Skip to contents

The basic workflow of the rPHG package is as follows:

  1. Create a connection object
  2. Select a PHG “method”
  3. Read data into the R environment
  4. Analyze and visualize data retrieval

This document introduces you to rPHG’s methods and grammar, and shows you how to apply them to the previously mentioned workflow.

Creating connection objects

PHG databases can be connected through two primary sources:

  • local
  • server

Local connections are for databases set up to use PostgreSQL or SQLite management systems, typically located either on a local machine or hosted on a high performance compute cluster which are accessed via the PHG API.

Conversely, server connections are for databases served on publicly available web services leveraging Breeding API (BrAPI) endpoints for data retrieval. For example, demo.hub.maizegenetics.net is a publicly available PHG database housing information many known diversity populations in maize.

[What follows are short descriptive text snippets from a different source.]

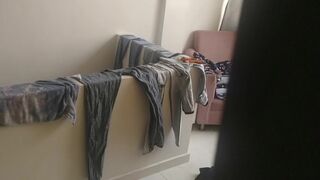 my cuckold hubby watches me being fucked by the inexperienced neighbor in the living room - 3 image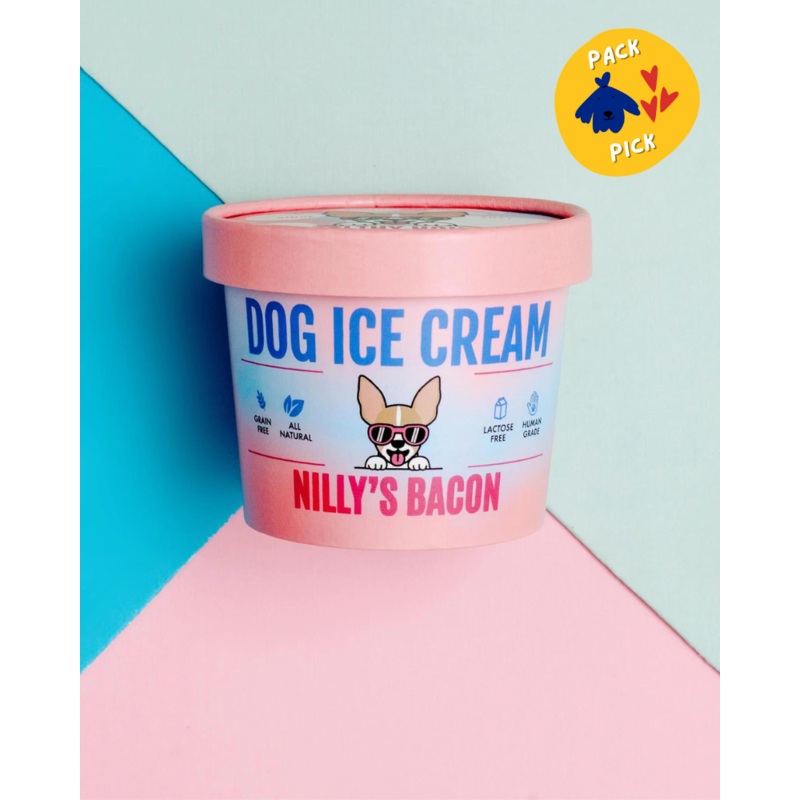 Nilly’s Bacon Human Grade Dog Ice Cream Mix (Lactose-Free)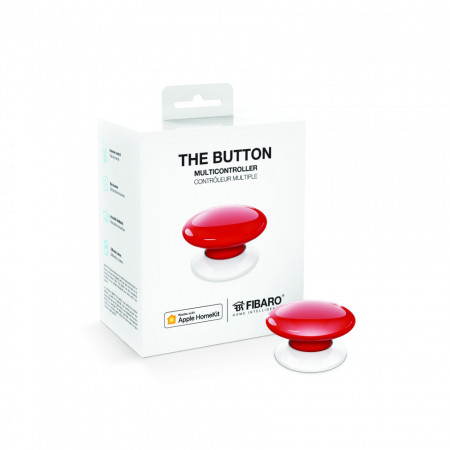 FIBARO Buton Apple HomeKit FGBHPB-101-3 - Rosu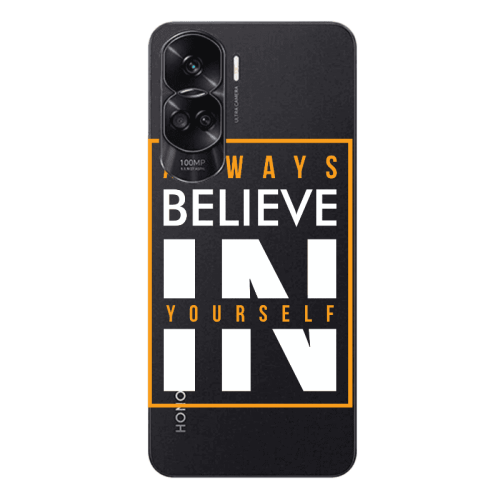 Honor 90 Lite 5G Always Belive Transparent Silicone TPU Θήκη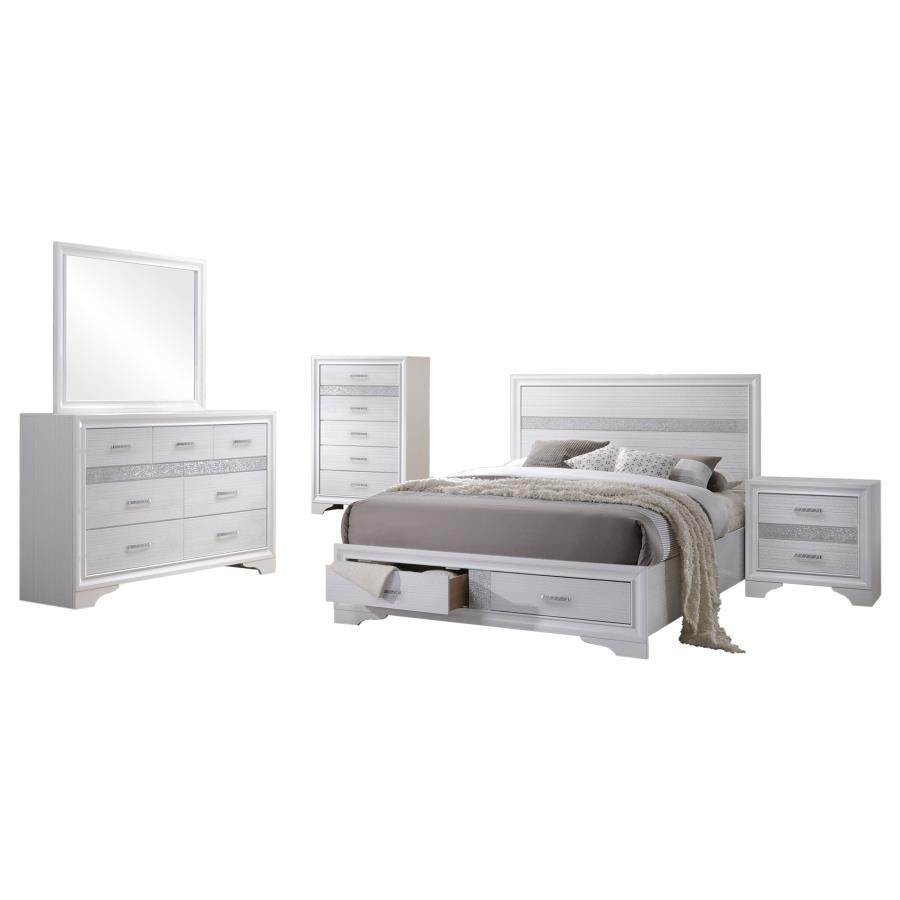 Miranda 5-piece California King Storage Bedroom Set White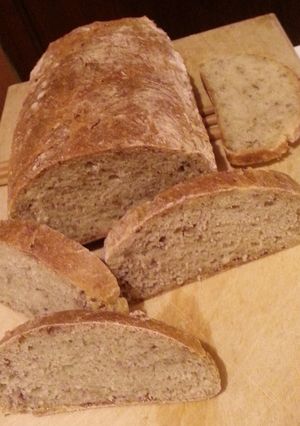 Hajdinapelyhes kenyér recept fotója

Establishing a local connection

To set up a local connection, prior knowledge about how configuration files are set up is needed. If you would like more information about this topic, please see the vignette “Overview of configuration files

We can supply a path to a valid configuration file to the constructor, PHGLocalCon():

configFile |> PHGLocalCon()
## A PHGLocalCon connection object
##   Host......: localhost
##   DB Name...: phg_smallseq_test.db
##   DB Type...: sqlite

Here, our configuration file path (configFilePath) is parsed to create an object of type PHGLocalCon.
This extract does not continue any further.